Pimpinan KPK Ramai-ramai Mundur, Hariz Azhar: Ini Bahaya

  • Bagikan
FAJAR.CO.ID, JAKARTA-- Mundurnya tiga pimpinan KPK (Komisi Pemberantasan Korupsi), yaitu Agus Rahardjo, Saut Situmorang, dan Laode Muhammad Syarif menuai kritik dari berbagai kalangan. Pasalnya, hal itu dianggap sebagai tindakan tak bertanggung jawab, karena memilih menyerahkan mandat operasional kepada Presiden Joko Widodo. Kritik itu diungkapkan oleh Direktur Kantor Hukum dan HAM Lokataru Haris Azhar. Baginya, langkah tiga pimpinan itu sama saja menunjukkan kegagalan pimpinan KPK menjaga kehormatan lembaga antirasuah. “Menurut saya pimpinan KPK gagal memelihara atau membawa maruah KPK. Mereka gagal melawan dan akhirnya puncaknya ini sekarang, salah satu yang patut disalahkan, ya, pimpinan KPK secara akumulatif,” kata Haris, Minggu (15/9). Menurut Haris, sebagai pimpinan KPK, mereka tak boleh kabur meski diserang bertubi-tubi. Seharusnya, para tiga pimpinan KPK itu melawan. “Pimpinan harus tanggung jawab. Masa lagi perang kok tiba-tiba kabur, menyerahkan mandat,” ujar Haris. Haris juga lantas menyinggung kasus mantan Deputi Bidang Penindakan KPK Firli Bahuri yang baru diumumkan kepada publik belakangan ini. Menurutnya, kenapa pelanggaran etik jenderal polisi bintang dua harusnya disampaikan jauh-jauh hari. “Seharusnya pada waktu ada peristiwa itu diumumkan, dong.
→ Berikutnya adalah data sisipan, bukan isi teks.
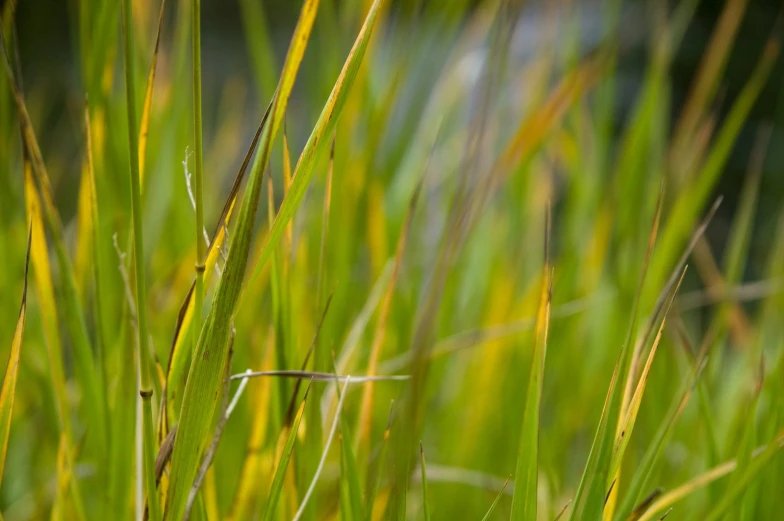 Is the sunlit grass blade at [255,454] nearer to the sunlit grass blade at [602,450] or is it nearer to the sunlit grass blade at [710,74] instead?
the sunlit grass blade at [602,450]

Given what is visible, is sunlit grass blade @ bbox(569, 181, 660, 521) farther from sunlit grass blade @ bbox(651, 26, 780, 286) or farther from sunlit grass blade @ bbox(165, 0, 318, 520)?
sunlit grass blade @ bbox(651, 26, 780, 286)

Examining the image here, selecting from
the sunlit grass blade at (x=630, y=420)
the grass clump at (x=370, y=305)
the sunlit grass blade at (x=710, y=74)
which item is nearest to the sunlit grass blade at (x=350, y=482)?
the grass clump at (x=370, y=305)

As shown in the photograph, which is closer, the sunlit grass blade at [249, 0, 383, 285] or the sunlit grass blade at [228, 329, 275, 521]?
the sunlit grass blade at [249, 0, 383, 285]

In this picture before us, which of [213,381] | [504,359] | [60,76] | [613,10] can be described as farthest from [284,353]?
[60,76]

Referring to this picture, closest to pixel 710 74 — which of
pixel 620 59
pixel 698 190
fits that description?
pixel 698 190

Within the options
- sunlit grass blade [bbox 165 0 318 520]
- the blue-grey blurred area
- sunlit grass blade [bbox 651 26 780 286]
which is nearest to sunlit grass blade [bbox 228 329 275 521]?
sunlit grass blade [bbox 165 0 318 520]

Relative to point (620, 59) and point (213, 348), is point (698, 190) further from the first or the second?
point (620, 59)

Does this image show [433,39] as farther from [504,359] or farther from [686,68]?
[686,68] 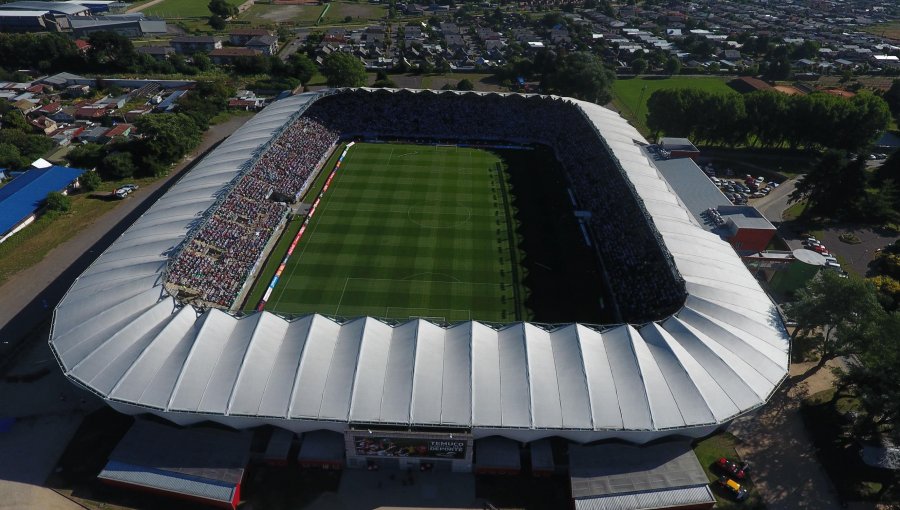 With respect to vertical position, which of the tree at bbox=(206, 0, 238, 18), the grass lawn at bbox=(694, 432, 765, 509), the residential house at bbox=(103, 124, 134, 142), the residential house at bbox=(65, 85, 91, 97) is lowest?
the grass lawn at bbox=(694, 432, 765, 509)

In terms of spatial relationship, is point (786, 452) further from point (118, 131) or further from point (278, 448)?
point (118, 131)

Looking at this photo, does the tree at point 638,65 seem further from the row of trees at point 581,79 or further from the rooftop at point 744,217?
the rooftop at point 744,217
Terus dijelaskan nama tersebut muncul, apakah KPK sudah memberikan namanya ke Pansel?” tanya Haris. Sementara itu, Pakar Hukum Tata Negara Fahri Bachmid menilai, sikap tiga pimpinan KPK yang menyerahkan mandat pengelolaan kepada Presiden Joko Widodo (Jokowi) bisa dianggap melanggar hukum tata negara dan konstitusi.